2. Assembling your team of advisors
No one can build a practice on their own. We need a team of supporters and advisors. And like all teams, strong members, in sync with each other, make the best teams.
Your team of advisors includes your attorney, accountant, website designer/branding manager, and then a crowd of supportive peers.
Your attorney and accountant are especially useful in the early days of getting things set up correctly. They will help you decide on your corporate and financial structure and help you get off on the right foot with the various bureaucratic agencies involved in starting your own business.
Your website designer will also be your initial consultant about your branding and marketing. You will bring your thoughts about what will make your practice unique to your website designer. Then together, you both formulate a message and the images you will use to support your message. Your website, messaging, and images become some of the first pieces of your branding.
Furthermore, you need a group of peers who are in your corner as you face some lonely days ahead. Starting and then the early days of building a practice are quite isolating. One cannot underestimate the value of having a group of caring people who will listen and support as you face the initial challenges of starting your own practice.
3. Setting up your first office space
Seeing your first office space is one of the more exciting days in this process. You may have looked at several options before finding “the one.” But when you find it, what a rush. But I have to admit that my first offices were all a compromise from what I would have liked. (I had more than one “first” because I have practiced or owned practices in five different communities. Each one felt like a first.)
Finding the right space and getting it set up the way you want takes time. I remember walking the streets of a new town for several days. Finding the right building and get a feel for the city took time. I considered many possibilities and then settled on an adequate but less than five-star building. Ultimately, I chose it for its expansion potential and stayed there growing there for eight years. I finally moved when my landlord sold the building to a new owner who used it for his business.

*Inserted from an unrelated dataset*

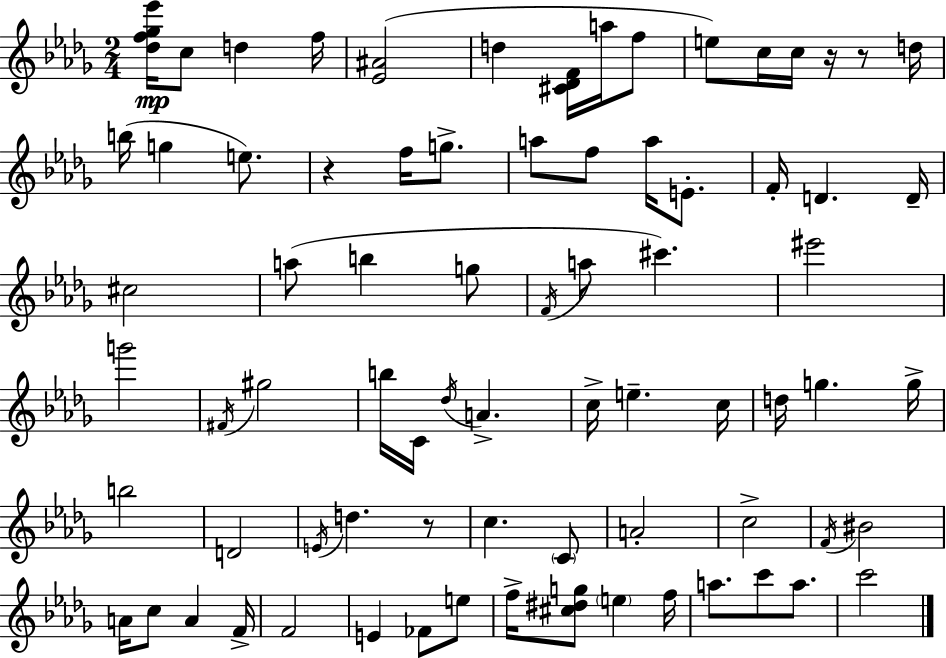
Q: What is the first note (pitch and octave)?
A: C5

My point is this. If you do your search well, you can find a space that will do most of what you need it to. And with some foresight, you will find the right fit for your next few years of growth.
4. Build your brand
Let begin with a simple but profound definition of what branding is:
Your “brand” is what your prospect thinks of when he or she hears your brand name. It’s everything the public thinks it knows about your name brand offering—both factual…and emotional…. Your brand exists only in someone’s mind.Jerry McLaughlin. (2011). “What is a brand, anyway?” Forbes Magazine
I find this definition helpful because it moves our focus off of the technical stuff like websites and design and onto the importance of what our customers experience. What our customers feel when they think of us is what matters–the whole experience. Everything else is supportive of what we hope is a positive emotional experience.

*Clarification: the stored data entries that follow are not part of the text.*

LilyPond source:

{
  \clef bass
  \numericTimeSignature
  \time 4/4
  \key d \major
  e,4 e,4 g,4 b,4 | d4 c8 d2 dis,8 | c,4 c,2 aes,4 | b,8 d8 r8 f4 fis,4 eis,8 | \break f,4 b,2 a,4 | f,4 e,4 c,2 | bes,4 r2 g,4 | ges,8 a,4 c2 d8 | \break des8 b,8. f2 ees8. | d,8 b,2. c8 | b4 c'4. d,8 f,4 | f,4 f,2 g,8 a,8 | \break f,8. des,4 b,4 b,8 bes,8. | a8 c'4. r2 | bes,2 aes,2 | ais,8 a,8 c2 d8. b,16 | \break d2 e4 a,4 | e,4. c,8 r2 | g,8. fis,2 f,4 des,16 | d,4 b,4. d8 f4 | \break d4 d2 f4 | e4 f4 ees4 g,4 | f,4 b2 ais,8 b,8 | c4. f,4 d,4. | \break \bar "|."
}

Yes, we need to be thoughtful about our website, our marketing materials, our office design, our messaging, and every other aspect of our clients’ experience with us. Additionally, all client-facing elements of our practice, such as phone calls, the first session, and billing are part of the brand. They all contribute to the clients’ experience. And we want clients to have a positive experience at every step.
And now the big day is approaching. You have laid the foundation by setting up your infrastructure, building your team of advisors, leasing and setting up your office space, and marketing your unique brand to your community. What is left? The celebration of your Launch.
Opening a new office is more than about seeing your first client in a new space. We want to make it an event in your community. We want everyone to know your practice exists. Let’s use the Launch as a marketing opportunity.
Starting your own practice
Put all these together, and you are well on your way to starting your own practice. And once begun, it is yours to nurture and enjoy.